I am on the verge of being Evicted from my apartment. I have about 28$ in my bank accounts (checking and saving) and most of it is my fault. I have been able to do things by sheer will and determination on several occasions in my life. I HATE not being in some type of control and waiting to hear back from multiple positions is woefully difficult for me. I have been raised with the philosophy of doing the right thing gets rewarded and money will come. That you should do things for the people you care about. Unfortunately, you just can't do everything you want with out sacrifice. My mistake was what I chose to give up. I sacrificed rent money, to appease her. I sacrificed financial stability to appease her, and some logic just to appease her.
What is hard to swallow is the fact that no matter how much I rationalized my decisions, some were just plain wrong. Crunching numbers, counting on empty promises, and assumptions are my downfall. Unfortunately for me, It bit me back in a bad way.

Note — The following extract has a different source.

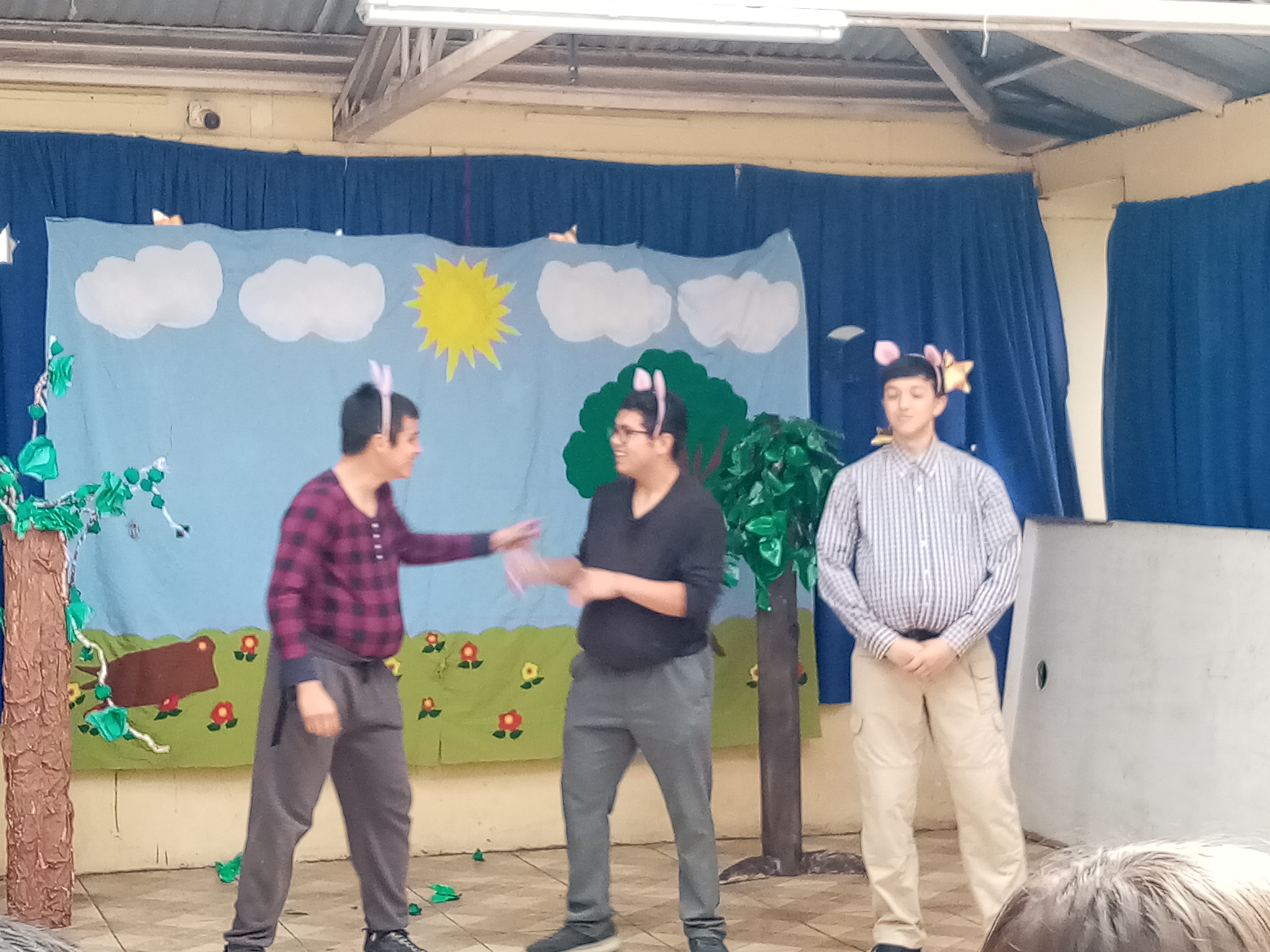 Teatro y lectura: un encuentro mágico en nuestra comunidad escolar, por estudiantes de 4° MA.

Not a failure, just a chance to prove I can overcome.


--LIFE

Wednesday, June 30, 2010

Wait Til I Get My Money Right...

BEING BROKE SUCKS.
Now that we have that fundamental truth out of the way I can begin this rant. It all started after I graduated from College back in 2008. I was full of hope and promise. Despite the fact that the economy was in the worst position I had ever seen in all my 21 years of living. But I didn't care. No job, who cares I will work at school, Living at home with mom-- So, I will just stay on Campus. I was pretty carefree at the time making enough money to get by, and taking a break from well the life I normally lead. You know, the one with responsibilities and goals and aspirations.

Well it was all good until last year and I had to get my own place, which meant I had to get a REAL job. here is a simple equation for you:
Recession+Real Job= Fallacy
So I ended up finding 3 part time positions and busting my ass like ::racially insensitive statement ahead:: the jamacians on In Living Color. It was rough and I ended up being paid alot less than what they tell you I am supposed to get for having a Bachelor's Degree. Ah but it was enough to get a place!
So me and my RL GF (lol I just think its funny to have to put RL on the front of it) move in to our very own place.

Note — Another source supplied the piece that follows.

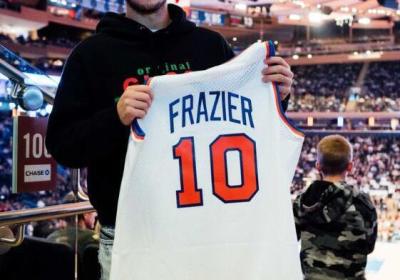 阿扎尔现场观看NBA比赛，获赠纽约尼克斯传奇球星球衣|纽约尼克斯队|埃登·阿扎尔|弗雷泽|麦迪逊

Everything is all sugar and rainbows right, WRONG. I am still not making enough money so now I am almost late on rent every month. What pisses me off is that I can't seem to get ahead. I have a multitude of job offers come up, and fall through but the summer is the worst because there is NO MONEY out there. I won't be out on the street don't worry (I know your concerned). But I will be BROKE until Sept. when the School Year starts and I can get back to making some actual income.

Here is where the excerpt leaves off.